Determinantes serão as diferenças

Tenho 24 anos. Apenas 24 anos. Já 24 anos. Até aqui achava que todas as minhas decisões era importantes, mas começo a perceber que as de agora são bem mais do que importantes, são realmente determinantes.

Sempre me considerei uma pessoa com espírito crítico, que sempre gostou de olhar para as coisas por diferentes prismas, tentando chegar a um conhecimento claro e racional das coisas – este blog é exemplo disso mesmo. Mas entretanto, sem dar por chegar, as coisas começaram a acontecer rápido, muito rápido, e encontro-me num espaço meio que sufocante de tão pouca distância poder ceder ao raciocínio. Não me consigo afastar tanto, não posso ir tão longe como ia, porque rapidamente sou requisitada para tomar conta do momento presente. Que não pára, que está em constante mutação, que me desafia minuto após minuto e me retira qualquer tempo de reflexão tão necessário, tão essencial à minha existência. E cada vez mais essencial.

As decisões de hoje são realmente diferentes. As exigências são maiores. Até há bem pouco tempo cumprir com as expectativas era suficiente. Mas hoje só é suficiente superar as expectativas, continuar a evoluir a olhos vistos, continuar a fazer mais e, mais do que isso, fazer diferente. E como fazer diferente sem poder olhar de longe?

Os outros esperam coisas de mim, mas eu espero muito mais de mim. É claro para muita gente que só estabelecendo objectivos nos conseguimos focar no que realmente importa, e tomar as decisões correctas. Eu sempre tive este método no meu inconsciente, mas apercebi-me agora, com a tempestade à minha volta, que mais do que nunca, este método é uma questão de sobrevivência.

Distracções levam-nos a perder tempo com coisas secundárias e a fazer caminhos mais longos, às vezes opostos ao sentido dos nossos objectivos. Tenho que tomar decisões estratégicas na minha própria vida. Investir agora, a olhar para o “longo prazo”.

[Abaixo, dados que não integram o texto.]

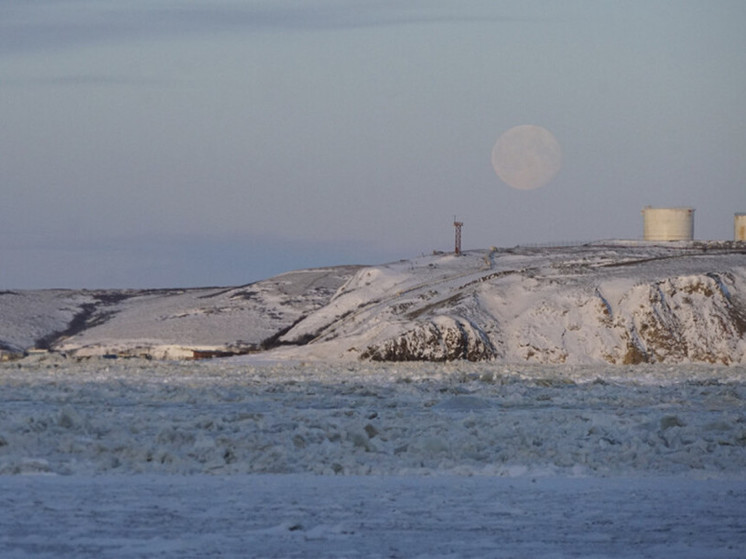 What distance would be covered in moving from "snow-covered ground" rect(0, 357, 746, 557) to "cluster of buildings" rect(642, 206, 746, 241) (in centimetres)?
5323

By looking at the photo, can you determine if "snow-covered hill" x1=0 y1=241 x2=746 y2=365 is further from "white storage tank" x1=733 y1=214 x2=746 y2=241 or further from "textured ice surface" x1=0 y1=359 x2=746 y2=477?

O objectivo no seu sentido mais lato é claro: não quero ser apenas mais uma. Acredito que sou diferente. Acredito nas pessoas que já me o disseram. Mas falta ainda senti-lo como algo que me pertence. Quero descobrir “a minha magia”  e poder deixar de acreditar que tenho algo de diferente. Passar a saber que tenho algo de diferente e saber exactamente o que fazer com essa diferença.

“Um barco à deriva no meio de uma tempestade”. Estou meio atordoada por ter tomado consciência deste estado. Mas todo o barco ganha rumo quando percebe que há terra à vista.